Pour mémoire, la loi fixe deux seuils de déclenchement des heures supplémentaires :
-35 heures en cas de décompte hebdomadaire par semaine (c. trav. art. L. 3121-28) ;
-1 607 heures en cas de décompte annuel (c. trav. art. L. 3121-41) qui équivaut à une moyenne hebdomadaire de temps de travail de 35 heures.
La différence majeure entre le seuil hebdomadaire et le seuil annuel, au‑delà de la durée de la période de référence sur laquelle ils s’appliquent, réside dans la manière dont ils ont été déterminés en relation avec les congés payés.
En effet, à l’inverse du seuil hebdomadaire, le seuil annuel de déclenchement des heures supplémentaires de 1 607 heures a été déterminé en retranchant notamment les congés payés. Plus précisément, ce seuil a été déterminé en partant du calcul suivant :
– 30 jours ouvrables de congés payés
– 9 jours fériés chômés qui tombent en moyenne sur un jour ouvrable
= 274 jours ouvrables, soit 274 / 6 = 45,66 semaines travaillées de 35 heures soit 1598 heures
Le législateur a arrondi cette durée annuelle de 1598 heures à 1 600 heures, puis l’a augmentée en 2004 de 7 heures lors de la création de la journée de solidarité, ce qui aboutit finalement au seuil de 1 607 heures.
En d’autres termes, le seuil de déclenchement des heures supplémentaires dans une organisation annuelle du temps de travail prend déjà en compte la prise des congés payés par le salarié.
De ce fait, le seuil légal de 1 607 heures ne devrait pas de nouveau être réduit de la durée du travail que le salarié aurait effectué s’il n’avait pas pris ses congés. Cela reviendrait à diminuer le temps de travail effectif réel et, par conséquent, à déduire deux fois les congés payés pour fixer le seuil de déclenchement des heures supplémentaires.
À l’instar des jours de repos hebdomadaire et des jours fériés chômés, les congés payés ont été préalablement déduits du nombre annuel de jours calendaires pour déterminer le volume annuel d’heures de travail ouvrant droit à des heures supplémentaires. Dès lors, la prise de congés payés ne devrait pas conduire à une reconstitution d’heures pour apprécier l’atteinte, ou non, du seuil de déclenchement des heures supplémentaires.
Adopter une telle solution ne désavantage pas le salarié puisque, qu’il prenne ou non des congés payés sur des périodes hautes ou basses le cas échéant, le seuil de déclenchement des heures supplémentaires tient déjà compte des congés payés.
À la différence du décompte hebdomadaire, le salarié n’a donc pas à travailler davantage pour atteindre le seuil de déclenchement des heures supplémentaires.
Cette solution apparaît comme conforme à la finalité assignée par la CJUE et mérite, à ce titre, d’être soutenue.

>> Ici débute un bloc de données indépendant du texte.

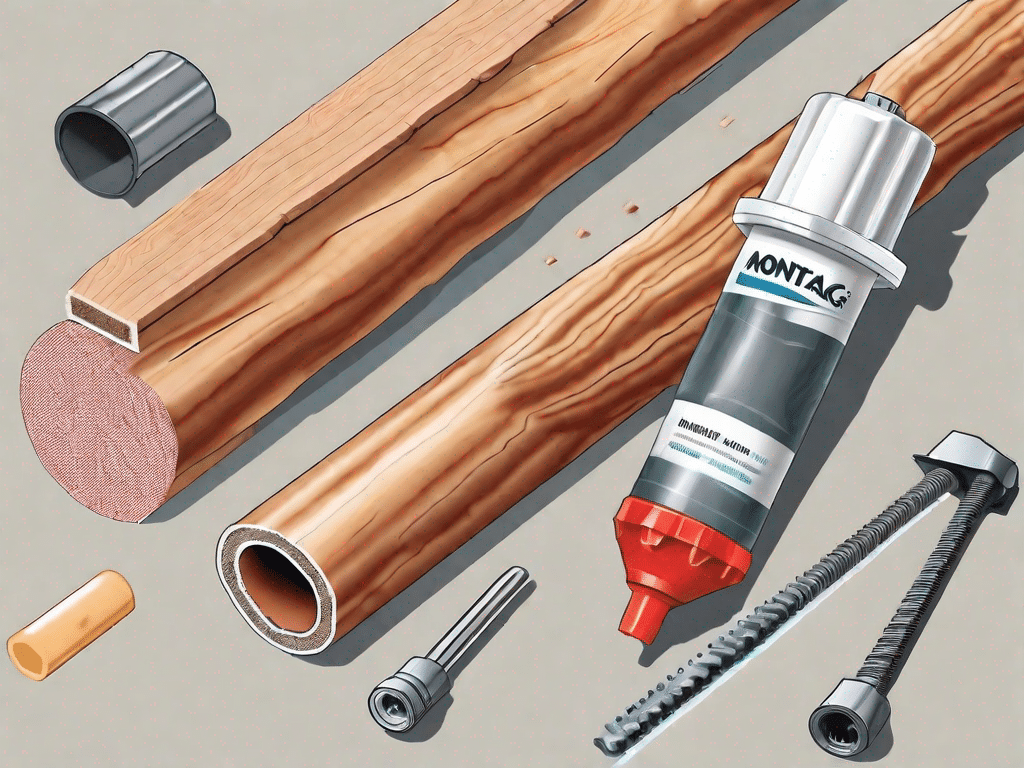 A tube of montage adhesive next to a drill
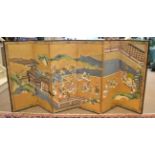 A Late 19th Japanese Gold Lacquer Folding Six-Leaf Screen, one side decorated with geishas amongst a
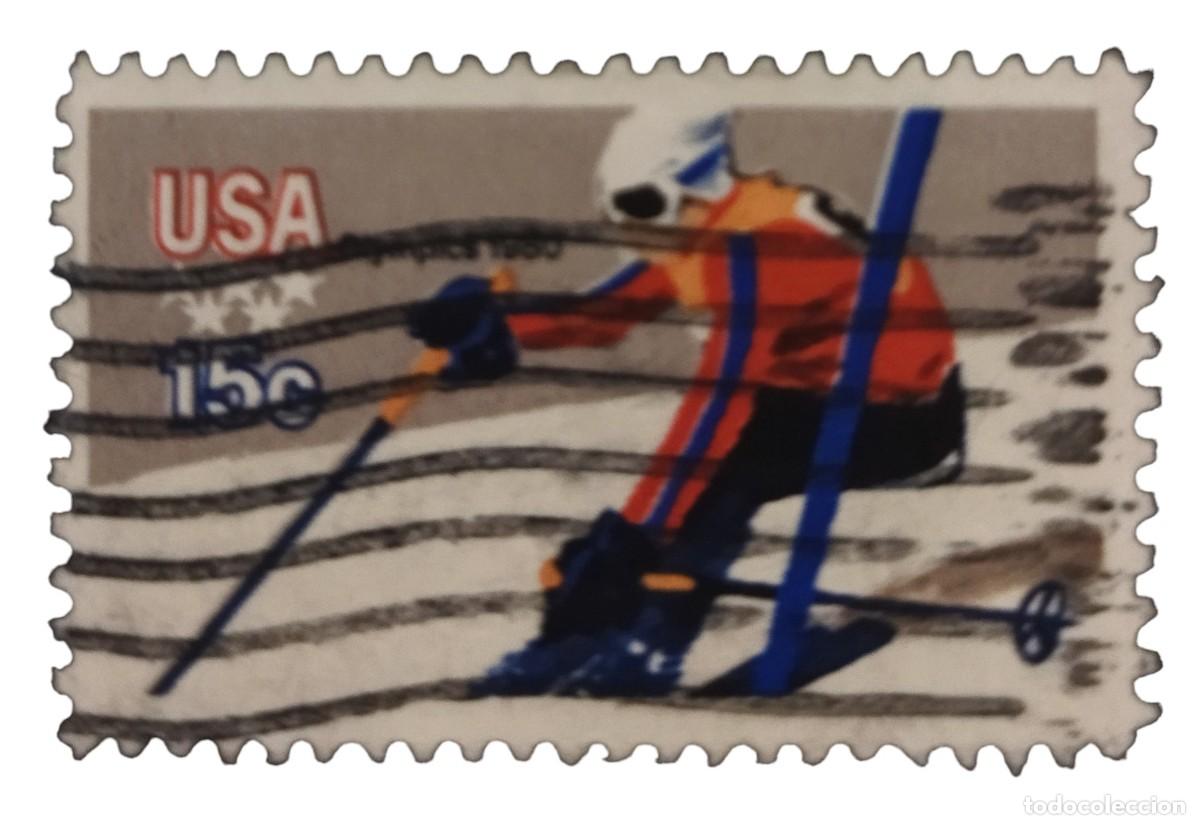 Sellos: ESTADOS UNIDOS 1980 Juegos Ol&iacute;mpicos de Invierno. Lake Placid&acute;80. USADO.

D’ailleurs, le seuil légal de 1607 heures n’est pas, à l’heure actuelle, impacté puisque la Cour de cassation n’a pas écarté l’article du Code du travail qui le fixe et, en cas de contentieux, elle devra d’abord s’assurer qu’une interprétation conforme du droit français est possible, ce qui est parfaitement le cas compte tenu de la méthode de détermination de la durée annuelle de travail ci-dessus rappelée.
Ceci étant, cette analyse générale devra être affinée selon les stipulations conventionnelles relatives à l’organisation de la durée et du temps de travail sur l’année. En pratique, les partenaires sociaux prévoient souvent des seuils de déclenchement d’heures supplémentaires infra-annuels (plafonds ou limites hebdomadaires), ce qui n’est pas sans conséquence. Cela pourrait donc conduire à adapter les pratiques en matière de gestion des congés payés et/ou à renégocier les accords sur le temps de travail.